--- DATA TO EXAMINE ---
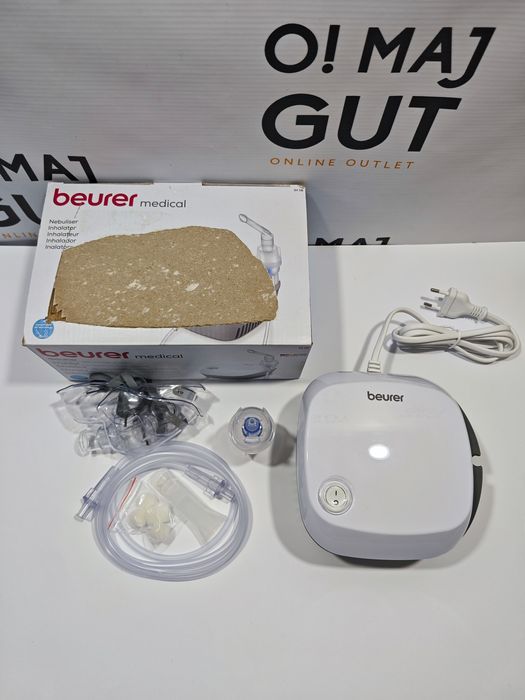 Inhalator Beurer Ih 18 Nebulizator Biały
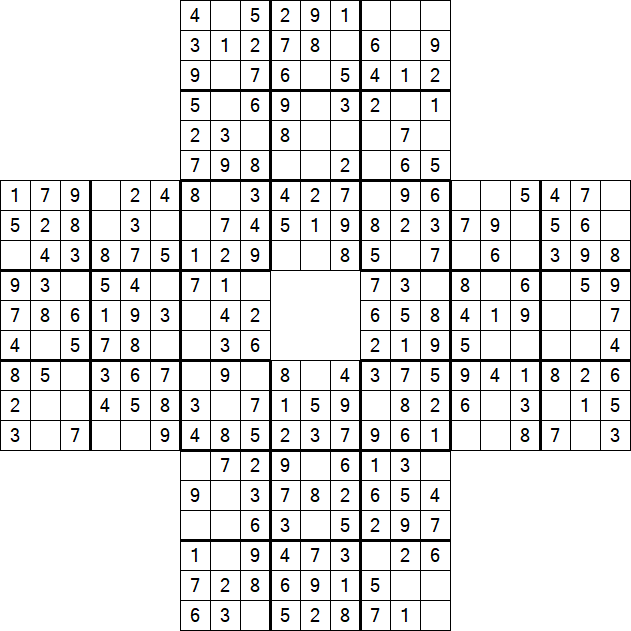 Sohei Sudoku - Fácil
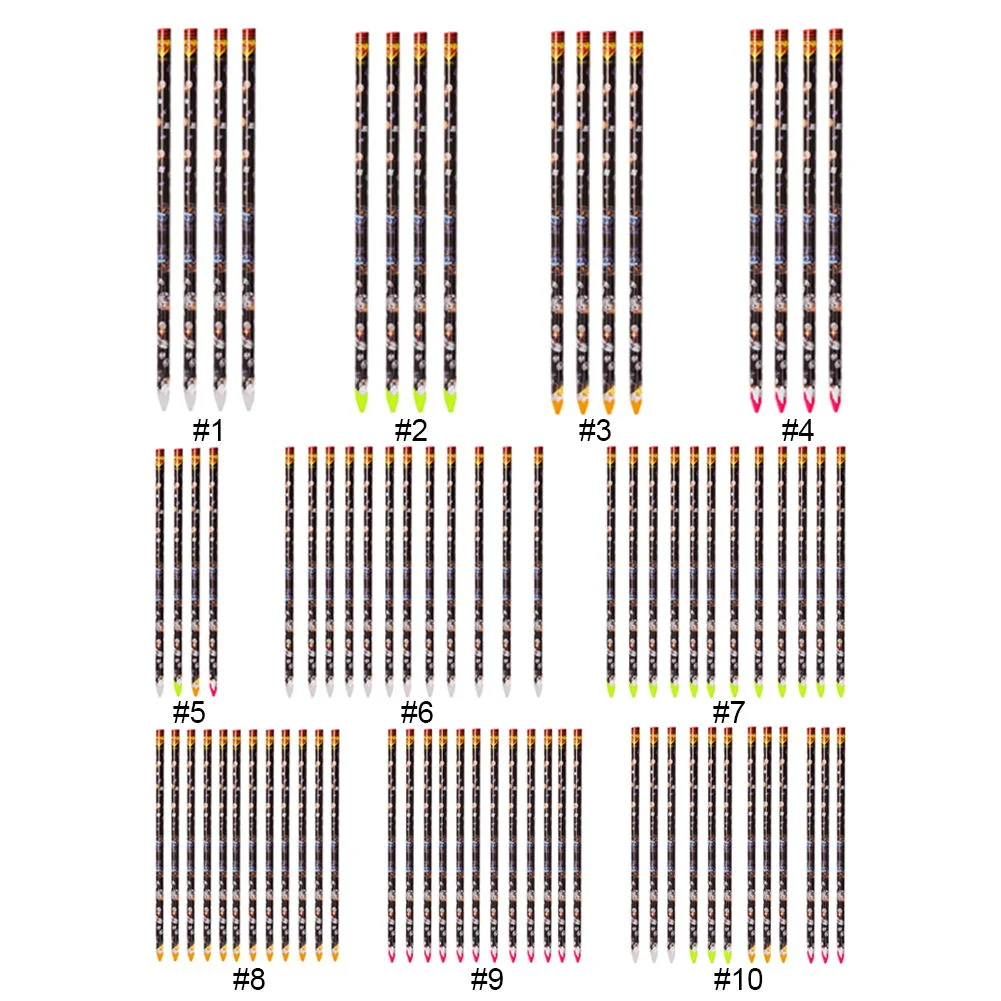 4/12PCS Crystal Gem Pick Up Tools Self Adhesive Diamond Painting Dotting Wax Pen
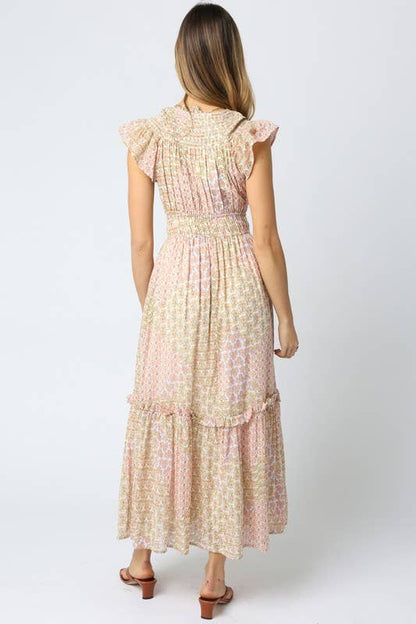 Teyana Maxi Dress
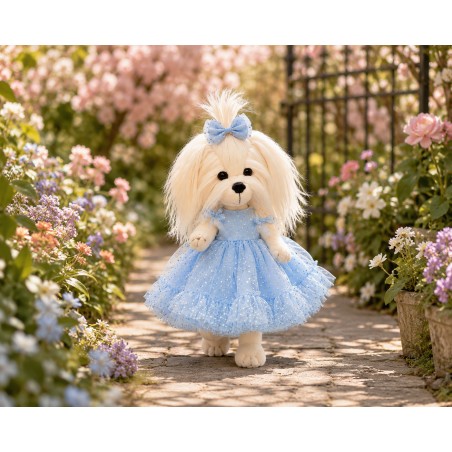 lucky-doggy-l121-blaues-tuellkleid-schleife.png
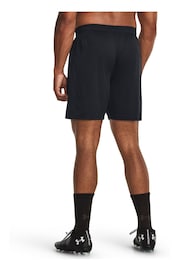 Under Armour Black/White Challenger Knit Shorts - Image 2 of 5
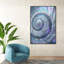 Sea Spiral Print by Oliver Gal-627847165-714799109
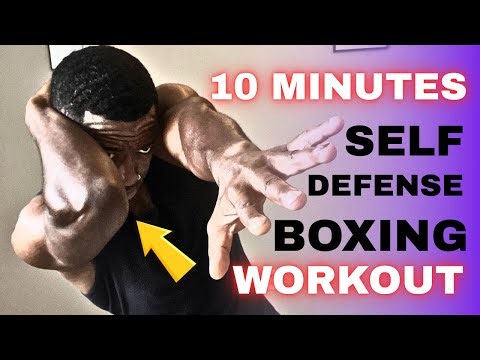 10 Minute Shadow Boxing Workout For Any Situation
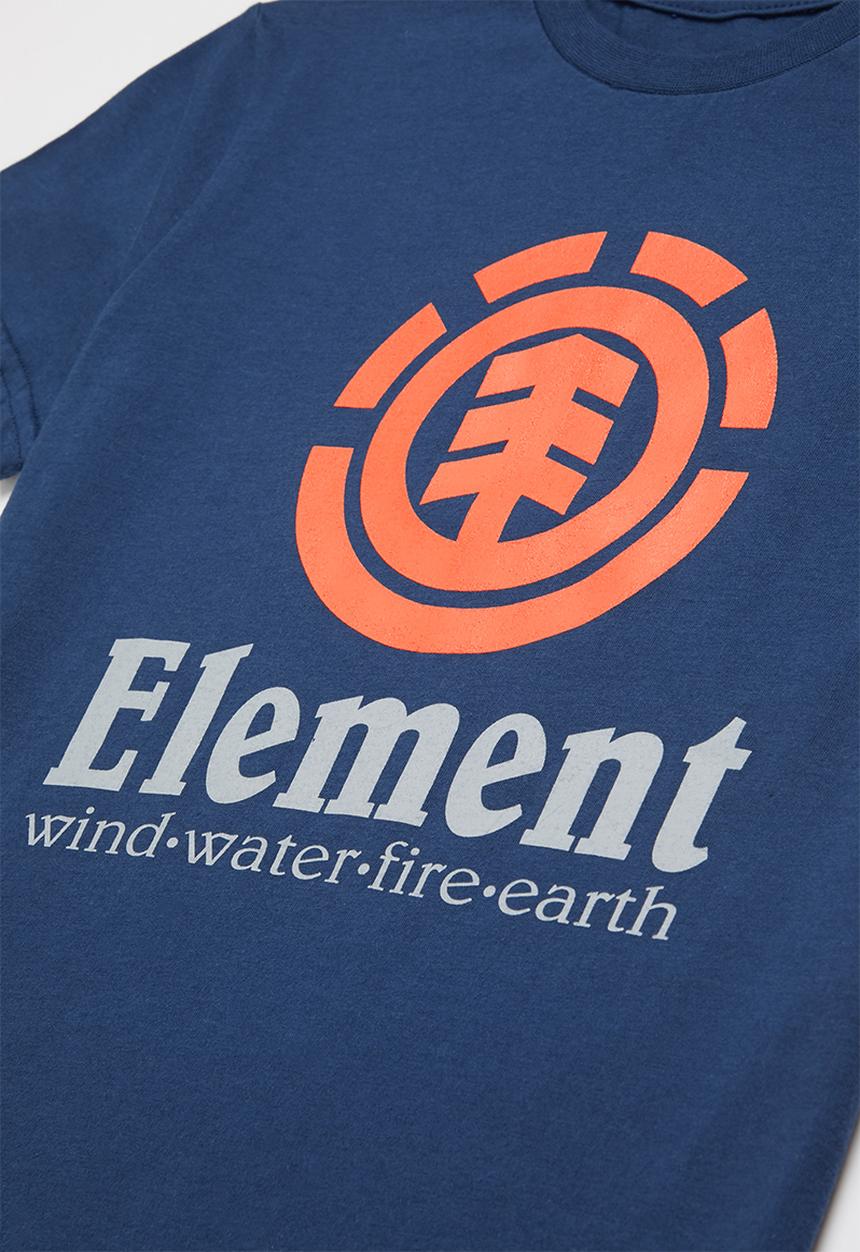 Element - Vertical short sleeve  youth - eclipse navy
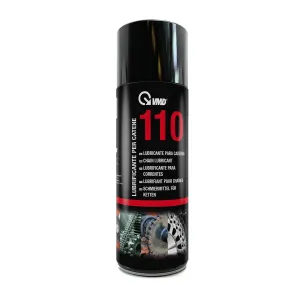 VMD CHAIN LUBRICANT 400 ML FOR LUBRICATING AND PROTECTING MOTORCYCLE, BICYCLE AND INDUSTRIAL CHAINS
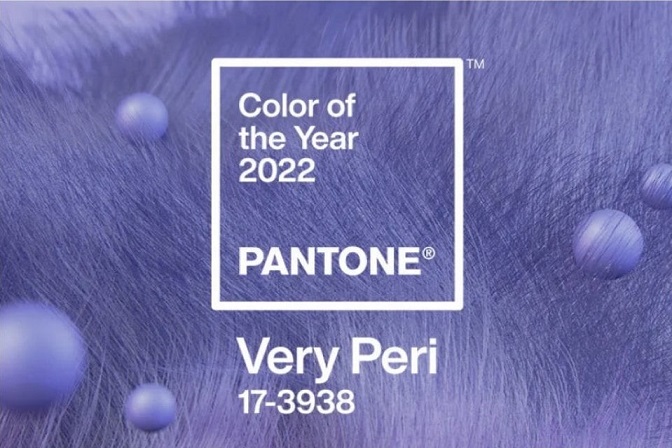 PANTONE 17-3938 VERY PERI: REVEALS THE COLOR OF 2022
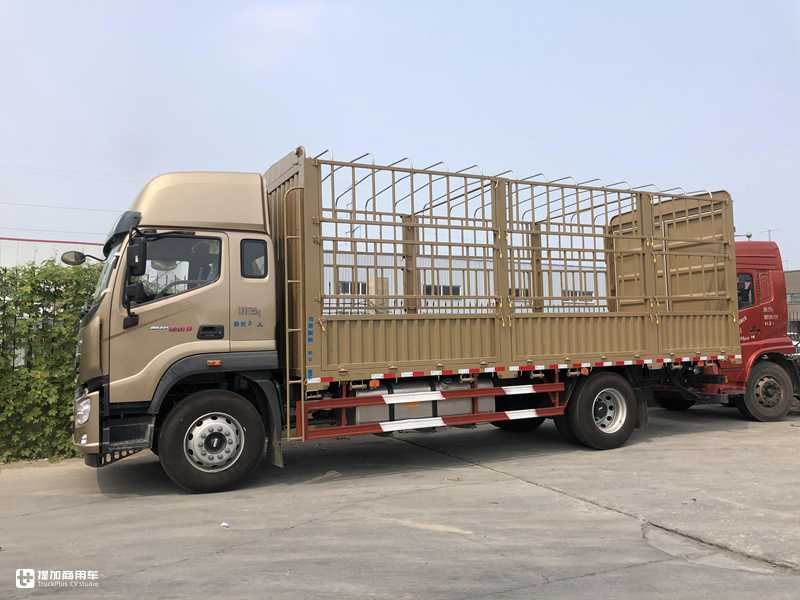 福田奥铃新捷运4米2报价图,奥铃捷运经典款4.2米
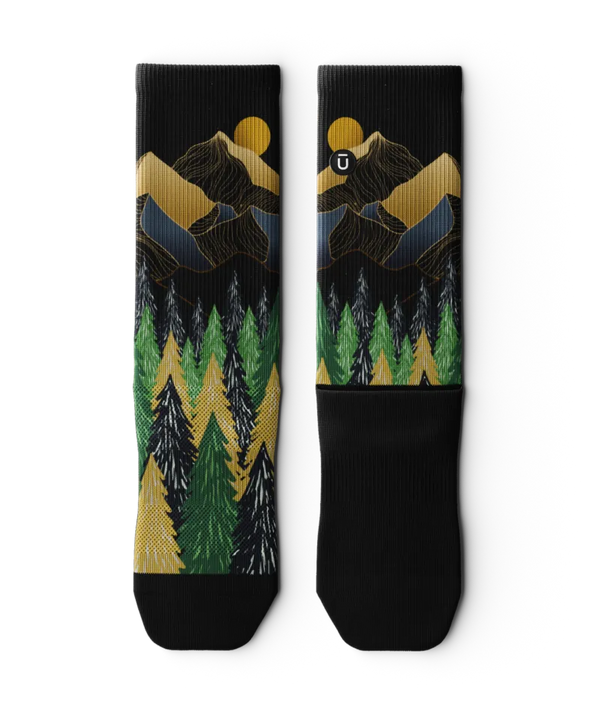 Golden Grove Athletic Crew Socks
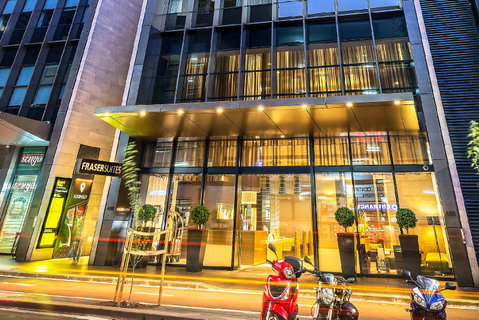 Fraser Suites Sydney - Accommodation Burleigh 1
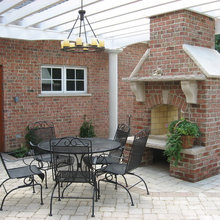 Outdoor Fireplace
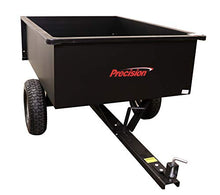 Precision Products LC1700GB 17-Cubic Foot Trailer Dump Cart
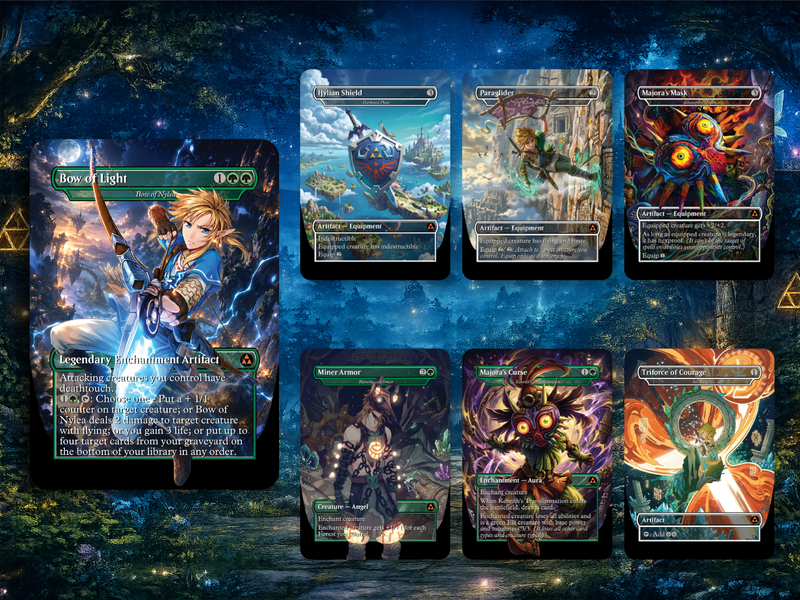 Savior of Hyrule Commander Deck | 116+ Cards | MTGCard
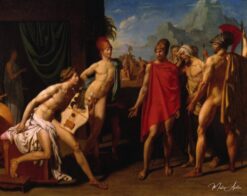 Achille che riceve gli inviati di Agamennone – Jean-Auguste-Dominique Ingres Jean-Auguste-Dominique Ingres 2025-05-17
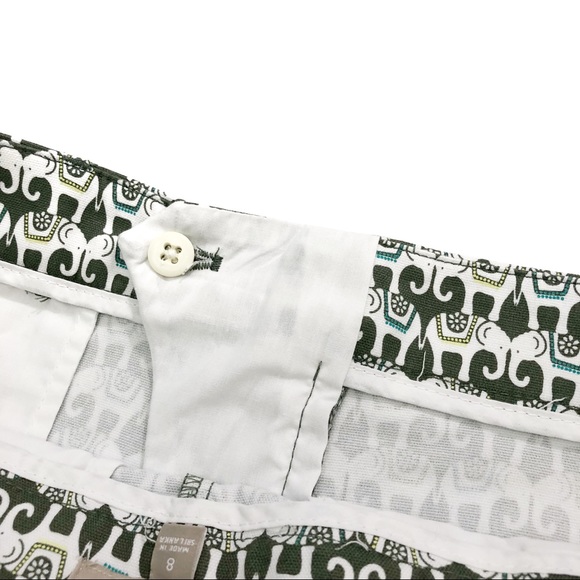 Banana Republic Elephant Print Shorts - Picture 8 of 8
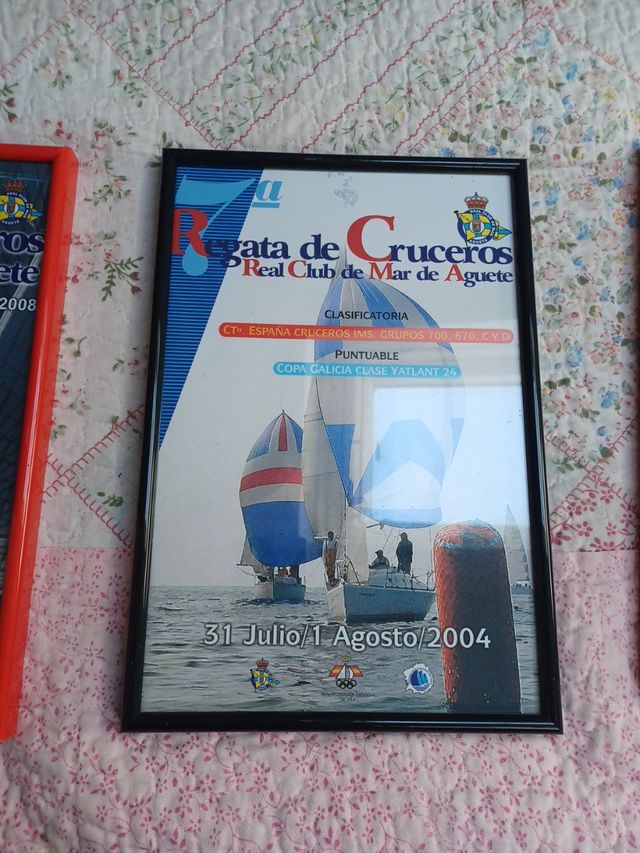 Cuadro Regata Crucero Aguete 2002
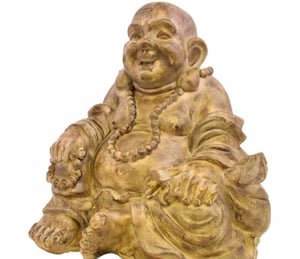 Stonetouch Large Sitting Buddha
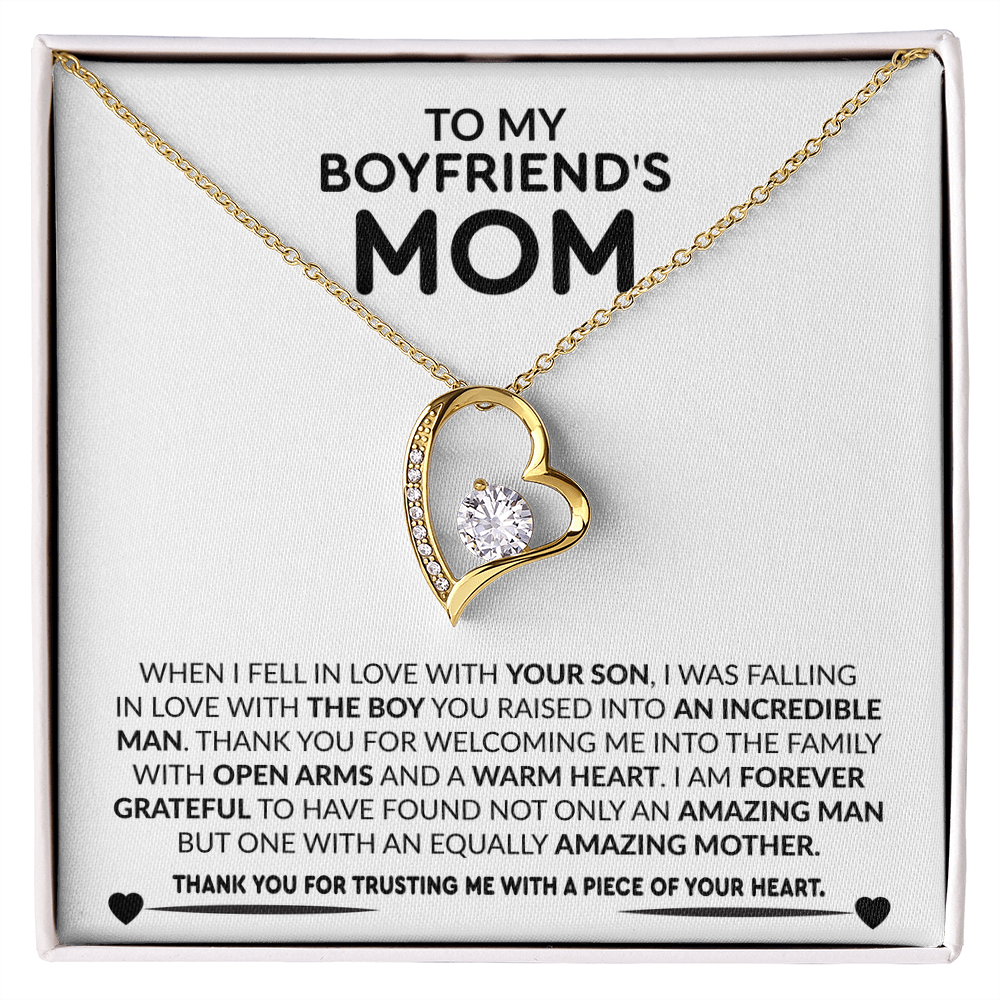 Gift For Boyfriends Mother - Beautiful Necklace Gift Set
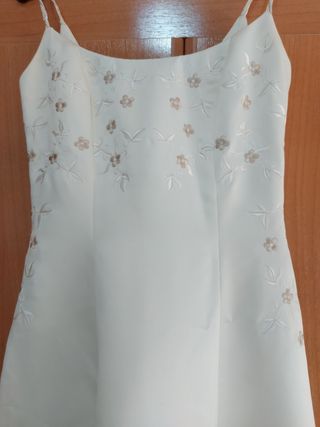 Vestido novia 
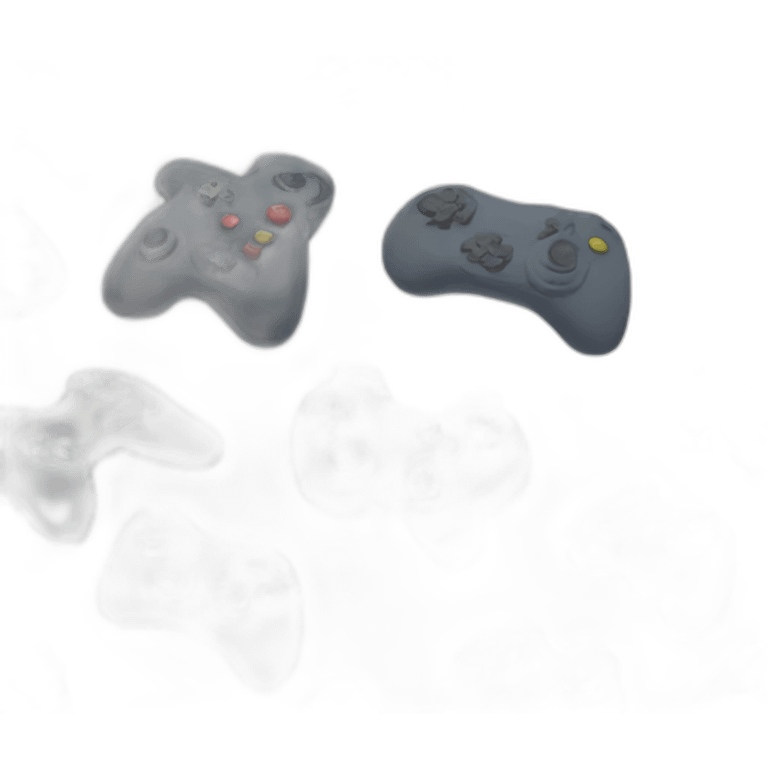 Game controller rage emoji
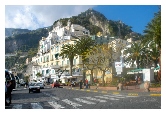 Amalfi Street Scene Photography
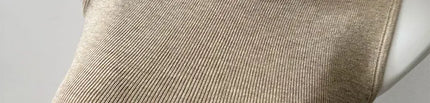 Korean Sle Knitted Vest Women's Base Layer Tank Top Svel f High Collar Spring Autumn Winter Inner And Outer Wear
---
ACTIVITY —
Restate word for word every line from the one with "lucky-doggy-l121-blaues-tuellkleid-schleife.png" up to and including the one with "VMD CHAIN LUBRICANT" in the records above, minus the pictures.

OUTPUT OF THE TASK —
 lucky-doggy-l121-blaues-tuellkleid-schleife.png
 Under Armour Black/White Challenger Knit Shorts - Image 2 of 5
 Sea Spiral Print by Oliver Gal-627847165-714799109
 10 Minute Shadow Boxing Workout For Any Situation
 Element - Vertical short sleeve  youth - eclipse navy
 VMD CHAIN LUBRICANT 400 ML FOR LUBRICATING AND PROTECTING MOTORCYCLE, BICYCLE AND INDUSTRIAL CHAINS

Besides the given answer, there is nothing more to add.